Extracting TEA Round Samples

In order to brute-force the TEA keys, we need to extract v0 and v1 for stage-0 and stage-1 respectively. To do this, we wrote a python script that uses our testbench to generate a given number of samples. It basically reads in the dump.vcd file of the simulation, looks at the final state of each FF we are interested in and dumps the values into a JSON file. The implementation can be found in tea_round_extraction.py.

After running it we obtain a set of 16 samples (v0-plain, v1-plain, v0-cipher, v1-cipher); see tea_round_samples.log

Brute-Forcing TEA-Keys

Now that we have some before and after samples of one TEA round, we can simply bruteforce the encryption keys.

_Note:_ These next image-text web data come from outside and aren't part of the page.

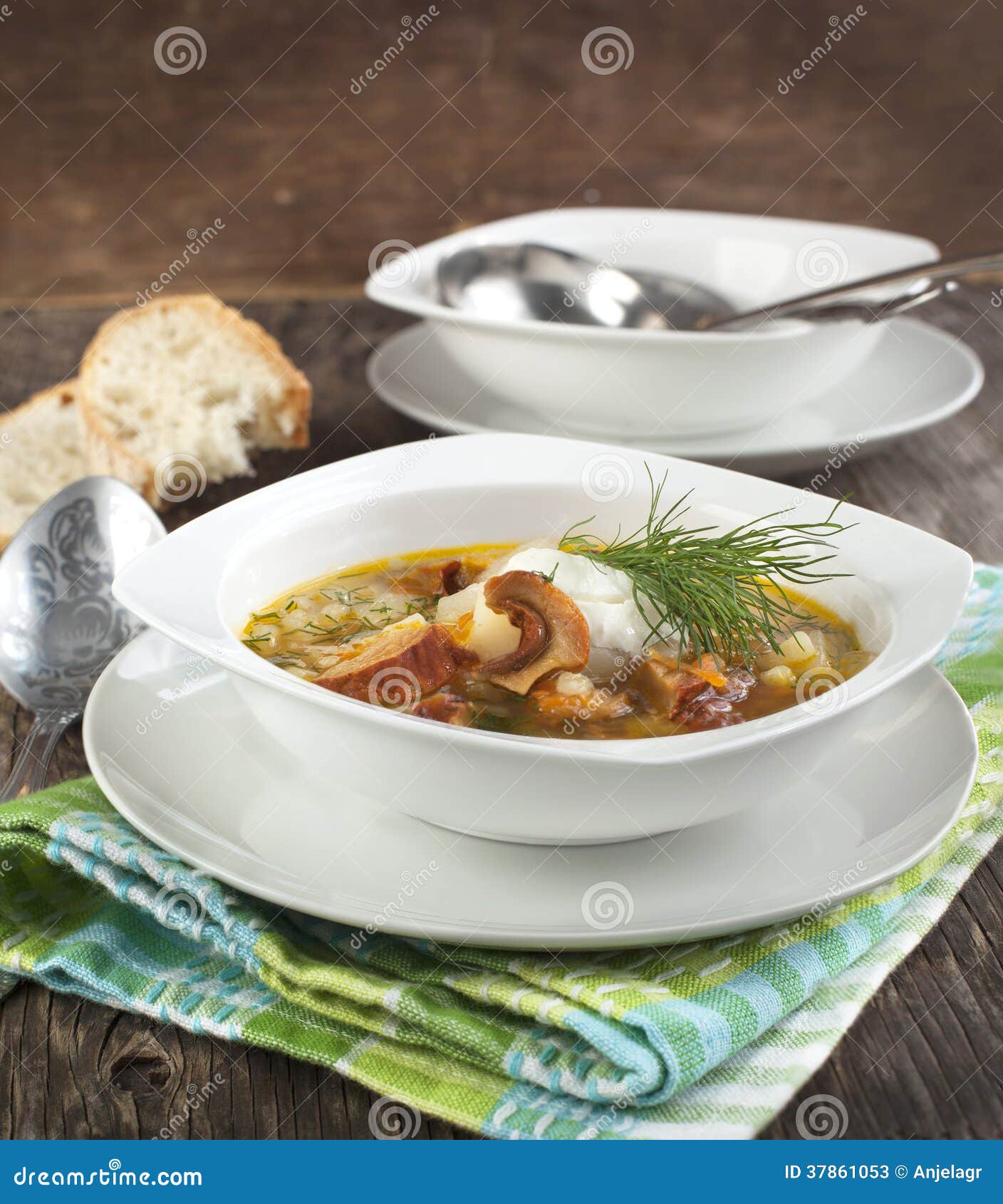 Dried Wild Mushroom and Potato Soup. Stock Image Image of healthy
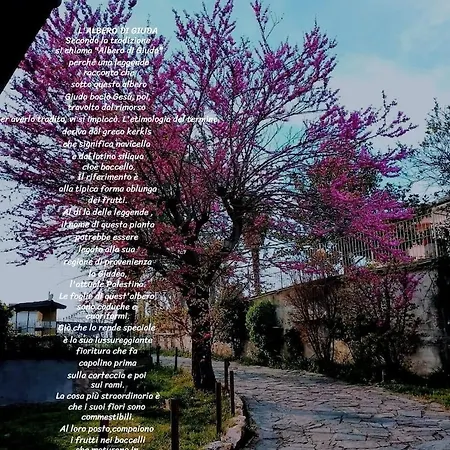 アパート La Casa Di Giuda Vigliano d'Asti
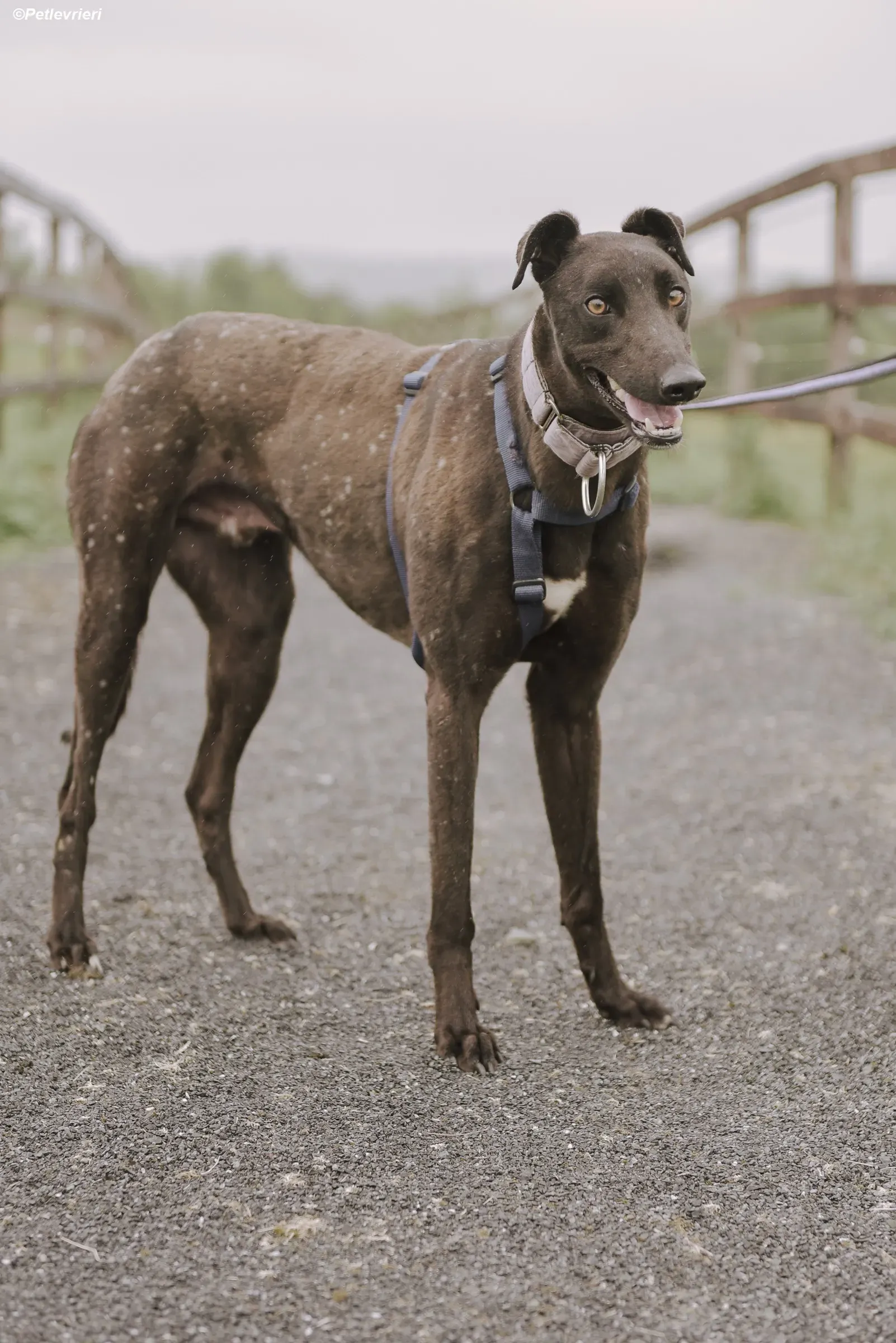 tom adozione levrieri greyhound 2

In it's core, each round of TEA applies the following operations:

v0 += ((v1 << 4) + k0) ^ (v1 + sum) ^ ((v1 >> 5) + k1);
v1 += ((v0 << 4) + k2) ^ (v0 + sum) ^ ((v0 >> 5) + k3);

v0 and v1 are the round data, k0-k3 are the keys and sum is a constant that can be derived from the key schedule constant, which is 0x9E3779B9 for standard implementations.

We implemented an algorithm that just bruteforces two keys and derives the other two from the equations (2 eq's with 4 variables) and returns a set of possible key pairs. The prediction accuracy rises with more samples, in this case we chose 16 samples.

The bruteforce code was written in C to improve code runtime - in fact, we implemented a Python version, which ran over 300x slower than the C-code.

The code resides in main.c and tea_round_attack.c, build with gcc -o tea_attack tea_round_attack.c main.c.

We run the compiled binary on the samples collected by the previous step and get a set of possible key-pairs:

$ ./tea_attack ../tea_round_samples.log      
File contains 16 samples.
Reading file...
Read 16 samples.
Now bruteforcing... This may take a minute.
Found 4 key pairs.
[0] K0=0x63636f62 K1=0x7a206968 K2=0x6f722061 K3=0x00216b63
[1] K0=0x63636f62 K1=0x7a206968 K2=0xef722061 K3=0x80216b63
[2] K0=0xe3636f62 K1=0xfa206968 K2=0x6f722061 K3=0x00216b63
[3] K0=0xe3636f62 K1=0xfa206968 K2=0xef722061 K3=0x80216b63

We can see that the values are just some ASCII text, so after decoding it, we get the 128-bit TEA encryption key (Python syntax):

b'bocchi za rock!\x00'

Decryption of the Flag

Now that we have the TEA key, retrieving the flag is just a matter of decrypting the flag.enc file.

For this we again wrote a simple C program, that decrypts the flag, as we didn't want to start messing around with fixed 32-bit unsigned ints in Python. See flag_decrypt.c. Compile with gcc -o flag_decrypt flag_decrypt.c.

We run the program and retrieve the flag:

$ ./flag_decrypt ../../flag.enc         
pbctf{amazing job! now go enjoy an after school tea time break!}

Lessons Learned

Overall, this was a pretty demanding challenge for us. We approximately spent a total of 30h and were only able to get the flag ~24h after the CTF officially ended. Within the given timeframe, 0 teams were able to solve the challenge.

• We think that this difficulty arose from the lack of prepared tooling for this particular style of challenge. Even installing all the toolchains and getting them to function properly cost us a bunch of time.

• In addition to that, many error-prone tasks had to be handled manually, as the right tool for the job was either non-existent or didn't work with Python 3.11...

• An extensive knowledge of FPGAs or Chip Design in general is a big advantage, especially with the Revenge of LLLattice challenge, as the design had over 2000 flip-flops. Smaller challenges, like the preceeding challenge, LLLattice, are a better starting-point for the unexperienced.

• Carry chains are simply OP when it comes to reversing FPGAs. They helped a lot when it came to understanding which FFs belonged to which bit etc.